Oh, sorry, I misled you, I have to add what just now came to my mind : anything that encourages big companies to give into really old data archives, is just when they are ripe for selling new bulk capacity. The need for refreshing the media is so overlooked by businesses that otherwise have great practices. So you can nudge even the least hungry prospect customers towards your sales team.

Can't a vendor jump on this one?

Edit format


Can someone enlighten me to a better appreciation of the moderation of my above comment?

I don't understand, unless maybe I was gushing somewhat. I do that. I'm female. And despite decades writing programs mainly for my personal research, I have a non technical, traditional media business, corporate experience of computing.

So when I look around here, I am both very happy to not see references to big ticket kit, and the feeling of independence is fresh without question.

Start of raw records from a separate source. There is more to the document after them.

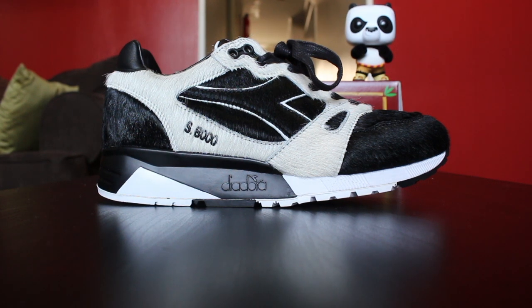Now, if you guys won the raffle, I hope you went down maybe a full size, because I wear a size 8 in the N9000s. I've never had a pair of S8000s, and this is probably a half size bigger, so I should have gone down another half size. Hopefully it works out for you guys if you did win, because it is very limited — 300 pairs. And if you guys are from the West Coast and you're going to try to score a pair, they drop at all seven locations, first come, first serve. Be out there and good luck.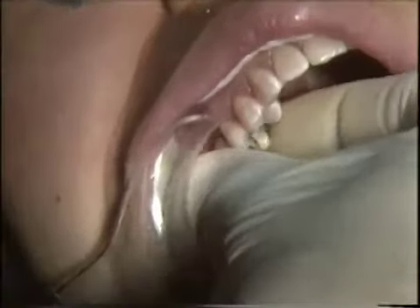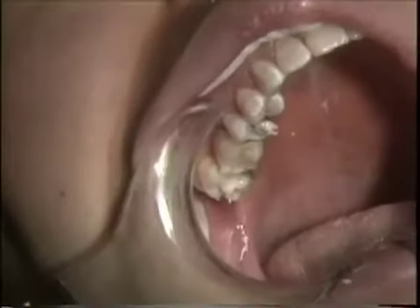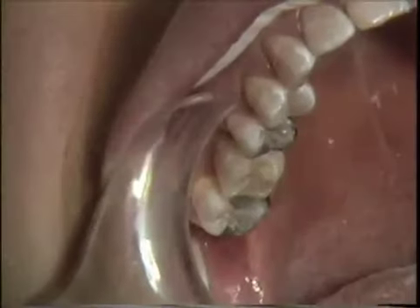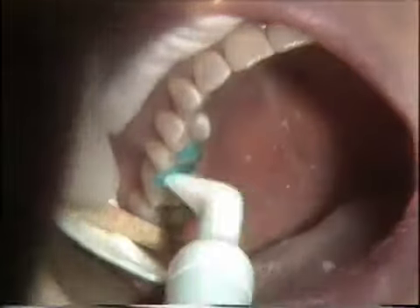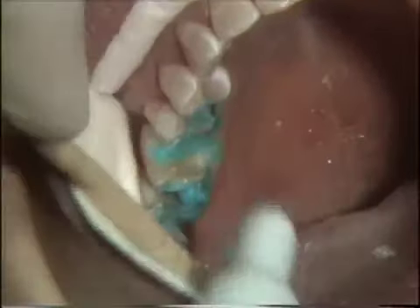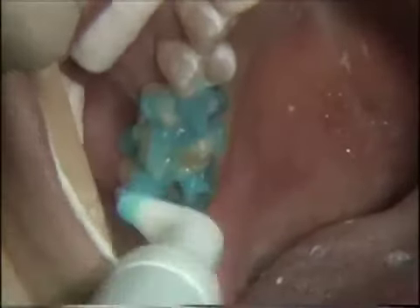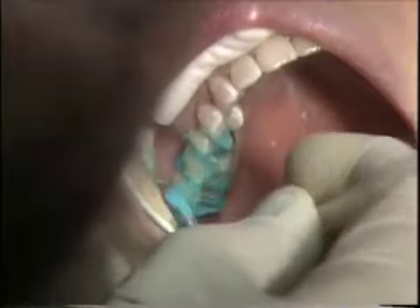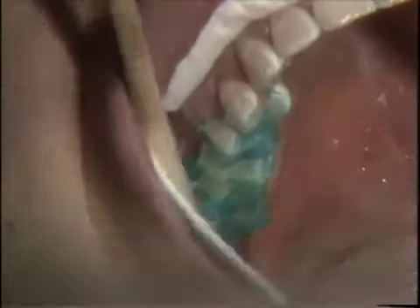We will bring the bridge into place. We have a little bit of working time because for the most part this cement is oxygen inhibited. We'll take a cotton swab and clean off a lot of the excess, then bring it down farther with an orange wood stick. We'll inject the OxyGuard — the wax — on these surfaces to keep oxygen and air off. We'll run it also in the interproximal because there are finishing lines there, and on the mesial, making sure we get it on the distal. You can also use a brush to make sure this is placed in the proper places. Then we'll have the patient close with a little bit of pressure to make sure the bridge is seated all the way.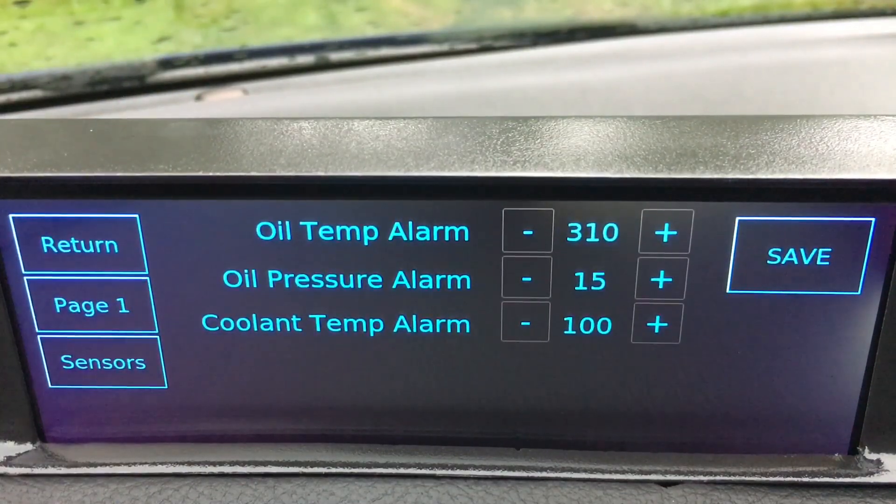On the second page of the settings, I have an oil temperature alarm, an oil pressure alarm, and a coolant temperature alarm. You can set and save these wherever you like, and every time you turn on the car it'll remember those and put them back to where you had them saved.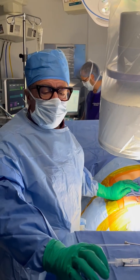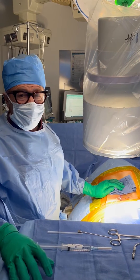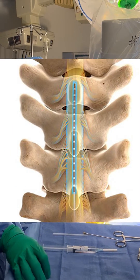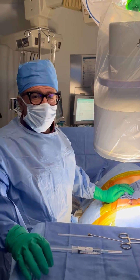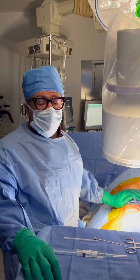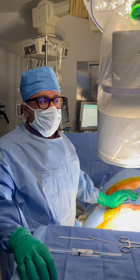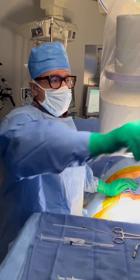It's always nicer if you can have two leads instead of one. These are Boston Scientific Infineon leads — they have 16 contacts per lead. We want to get the optimal pain relief we can for this patient. So if you can get a second trial lead in, it always helps. So we've got our second one in.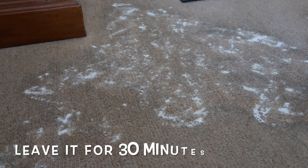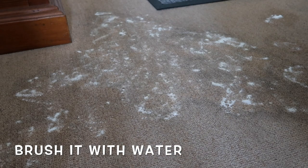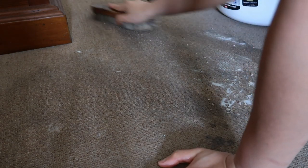Leave it for 30 minutes and then give it a rinse with water. So after 30 minutes, I have here water and a brush, so brush it to get rid of the vinegar and baking soda.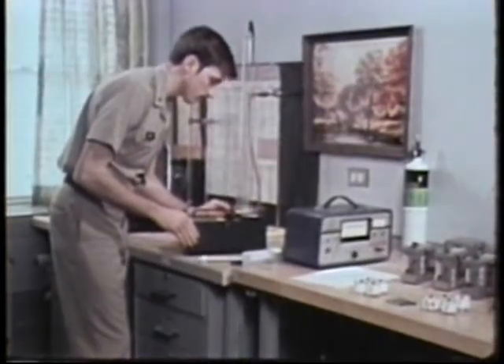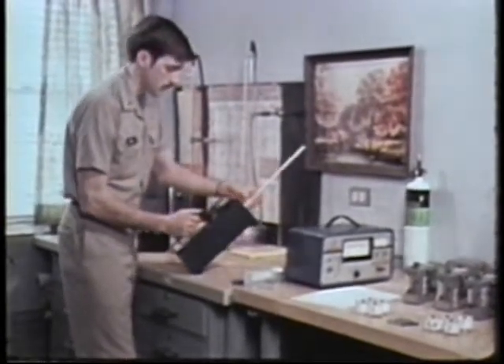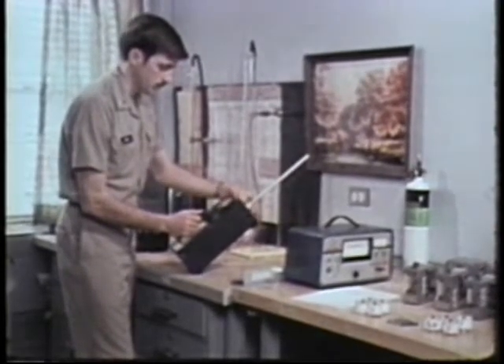The instrument requires a long warm-up period, 10 to 20 minutes. When it's warmed up and with the probe connected, you can zero the meter.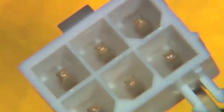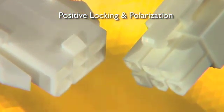Each contact is fully isolated for electrical integrity. Plugs and receptacles feature positive locking and polarized mating geometry for accurate, secure mating.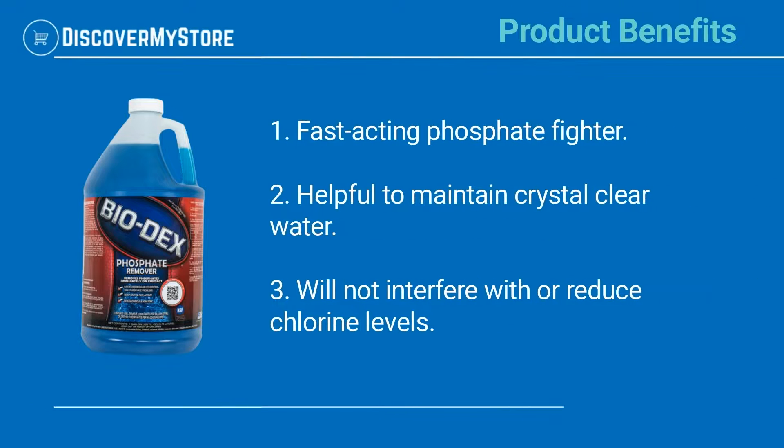Product Benefits: Fast-acting Phosphate Fighter, helpful to maintain crystal clear water, will not interfere with or reduce chlorine levels.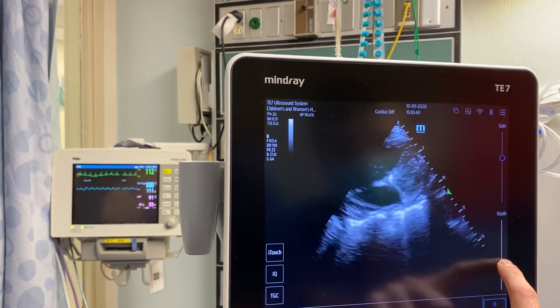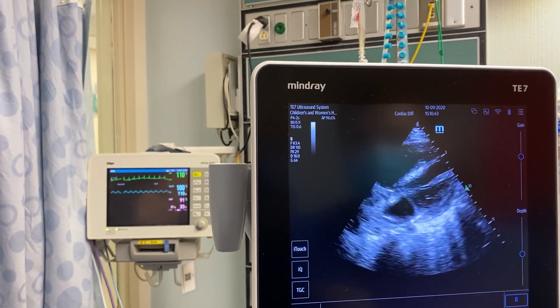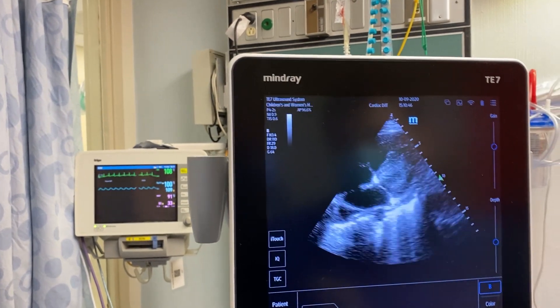Look in apical four. One second. That's looking good.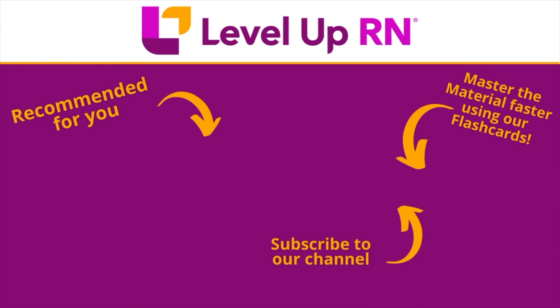I invite you to subscribe to our channel and share a link with your classmates and friends in nursing school. If you found value in this video, be sure to hit the like button and leave us a comment letting us know what you found particularly helpful.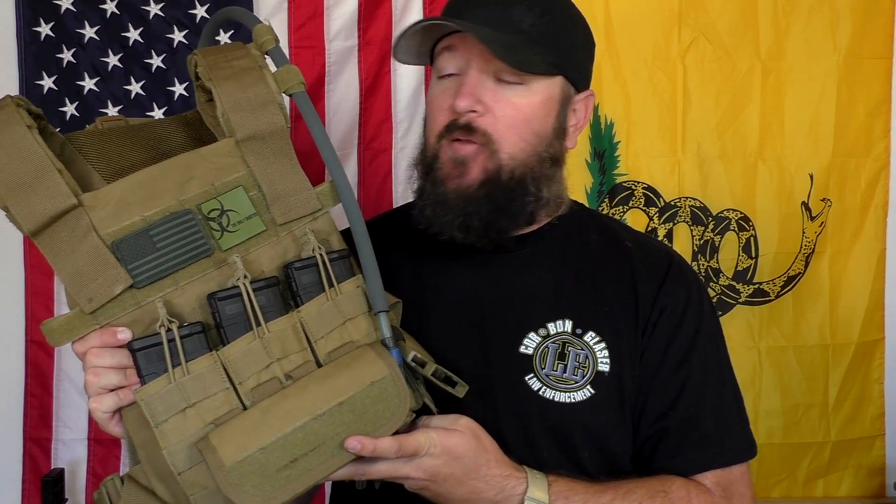So that's my Condor Sentry Plate Carrier after almost two years of use — definitely something worth checking out. I'll put links in the description box. If you like videos like this where I update you on the condition of my gear after a longer period of time, let me know in the comments so I can make more of them. Thank you all very much for watching — please like and subscribe, and have a great day.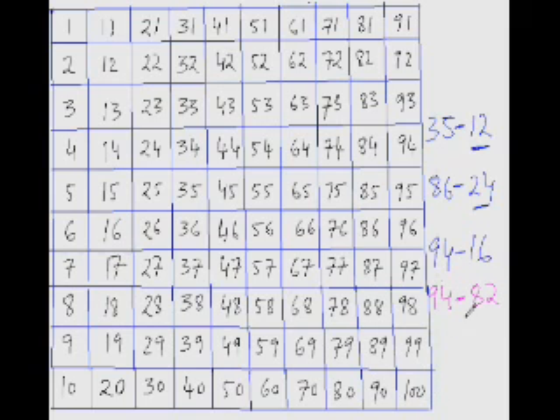When the number being subtracted is quite large and the gap is not much, jumping down 10 would be very tedious. The best way is to jump up 10 instead. For 94 minus 82, ask yourself: how much do I need to add to 82 to get 94? Jump up 10 from 82 to get 92, then 92 plus 2 is 94. So the answer is 12.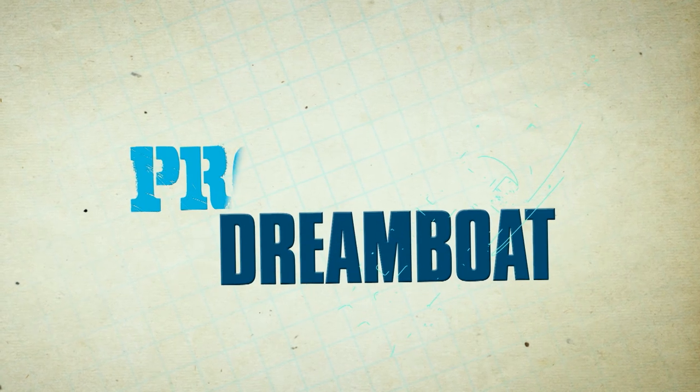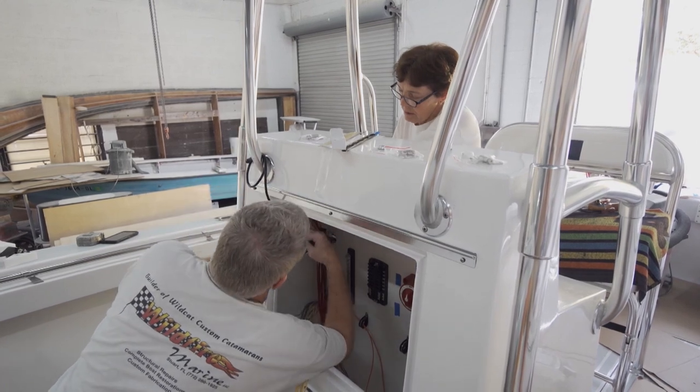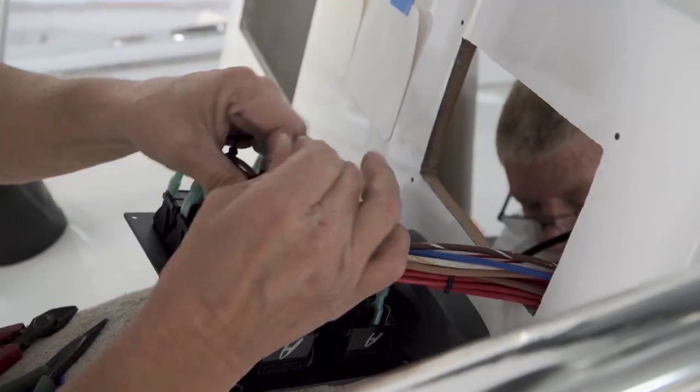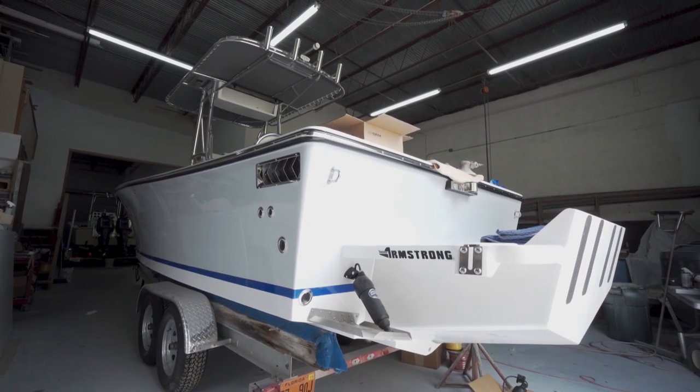Welcome back to Florida Sportsman Project Dreamboat. Join us as Mike and Debbie at Wildfire Marine lay out all new wiring on Cory's 23-foot C-Craft restoration.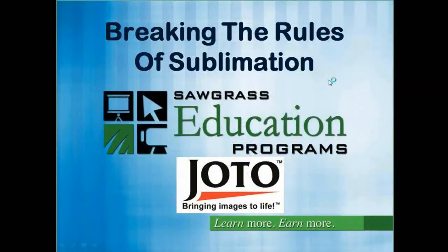Good afternoon everybody, my name is David Elvin, I work for Jotto Paper. In a moment I'm going to be handing you over to Jimmy Lim, who is one of the experts at Sawgrass Technologies, and he's going to be speaking to you about breaking the rules of sublimation. At the end of the session there's going to be a question and answers, so write them down during this webinar and we will go through any questions you may have at the end.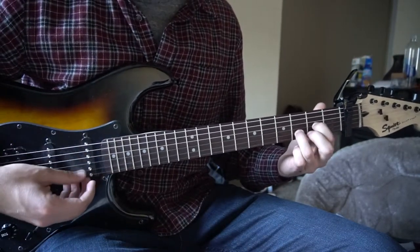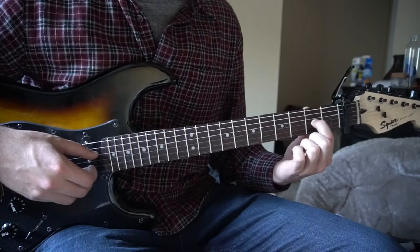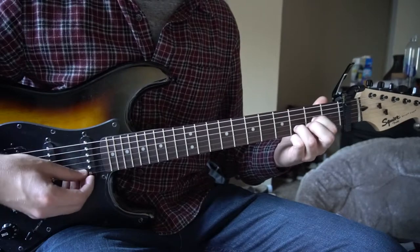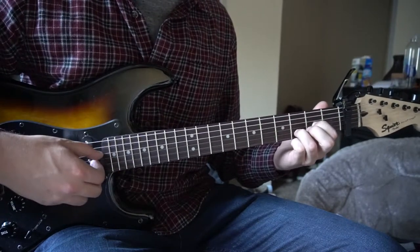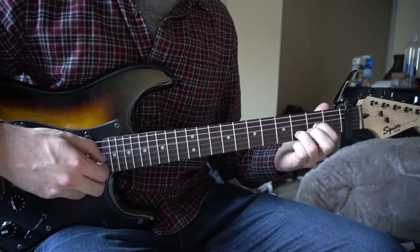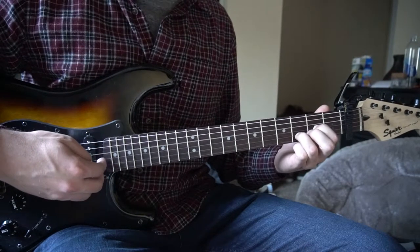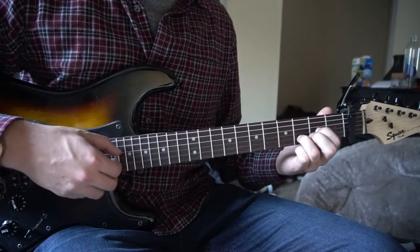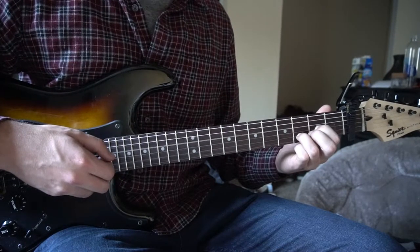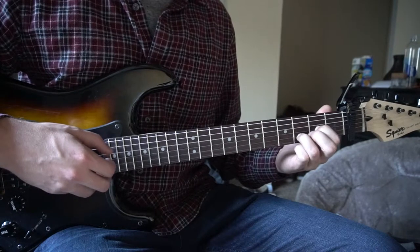So we've got our D chord coming up first. You have your index finger on the second fret of the G, ring finger on the third fret of the B. We're going to pick the D, G, and B all together, and right after that, we're going to pick just the B and the G. So that sounds like this.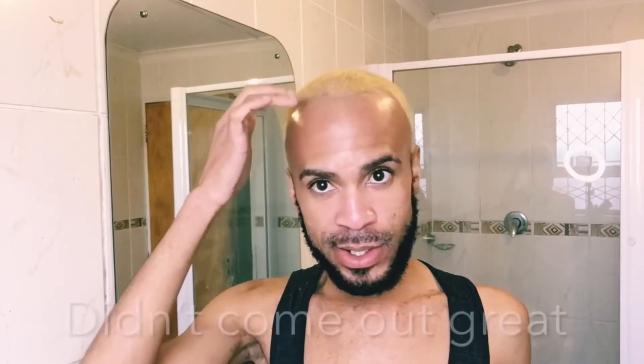We're just going to wait for it to do its work and then we'll be back and we will be blonde. So as you can see I've just washed the dye out of my hair. It didn't come out as great as I wanted it to, so I'm going to have to go buy another pack and redo it maybe later or tomorrow. But yeah, this is the look we're going for — it's really almost there.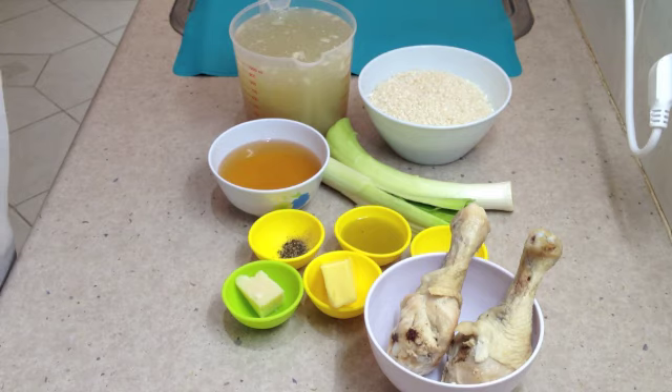Hi and welcome to Cheeky Richo's Chicken and Leek Risotto, making it in the Thermo Chef today. The ingredients will be in the box below. Let's get started.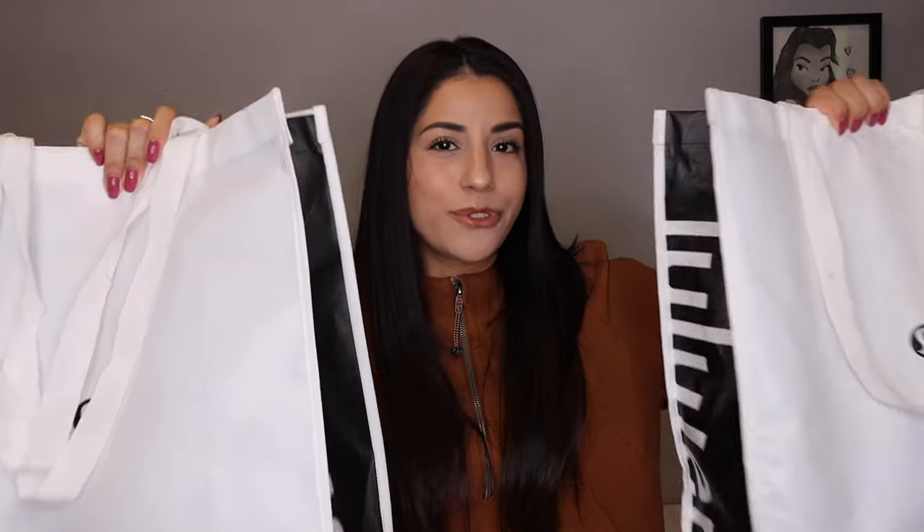I did get two separate bags as I went two separate times to my local store. And then also, I have a really great nail polish brand to show you guys — shout out to Nail Reserve. They sent me a bunch of gel polishes, and I'm actually wearing one right now. So I'm going to tell you guys about that, and then obviously a Lululemon try-on and haul. Without further ado, let's get right into it.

But I cannot recall any acknowledgement of the tooling that corporations have habitually to hand. That GitLab controversy I thought hardly touched the issues of providing the level of service that major enterprises require and do obtain from the market, instead of using open source software for singularly critical infrastructure, without any analysis of the alternatives. It would be very boring to discuss storage products, its hard to get real information about them, even, despite the influence of a host of new companies. But the debate didn't touch a single advantage or aspect of the options exist.

I'm in total darkness trying to guess what I spoke improperly. I thought I might prompt someone who sells hardware support for say Ceph clusters, to comment, using the idea to gain awareness their own business.

But a silent, cold, zero, feels badly in need of some sort of company that commiserates the comment I wrote. I can totally grok if the Shut Up Woman reflex is one I have prompted you to feel. My bad, I usually have a lid on the gush. Is the idea so awful? I only know that the commission on storage systems is still enormous, and I think in particular younger HN types could make sheer bank, in a EDS sales setting, where real understanding of technology is, well, imperfect. It seems like the HN world doesn't acknowledge the corporate world much. That's a pity, if true. Below the household name corporations are so many in real need of serious minds, and I know personally that the salaries are not as bad as they are made to look at with statistics when debated here, I mean you think a typical character here is going to be a bottom decile performer, or top centile producer, compared against the big wobbly world of corporate computer departments?

Edit horrid auto correction


I can't see anything wrong in what you typed, so you're not alone.


Yes does anything like this exist? I would love to remember all of my surfing. I currently bookmark nearly 100% of my visited links.


I use (as the other reply said) wget, and SiteSucker. I find SiteSucker seems to do a slightly better job at times, and requires less finessing, which is useful when I'm about to hop on a plane for a long flight but want to grab documentation or a website to browse through.

http://ricks-apps.com/osx/sitesucker/index.html


wget is probably the tool you are looking for. You need to do a bit of work to get the options right. Ones to consider are --input-file=file, --level=1, --convert-links, --page-requisites, --follow-ftp, --span-hosts, and --adjust-extension. You can just export your bookmarks or history or whatever as a file full of links and use that as input to wget, and it will retrieve all of them.

There are some other handy tools like youtube-dl, which let you archive not just youtube videos, but many different types of media content. Including soundcloud and bandcamp.


I don't create web pages often, but whenever I link to something, I always generate a backup PDF.




Very interesting, I was thinking just an hour ago that IPFS would be perfect for references in academic literature, as it's immutable and always available.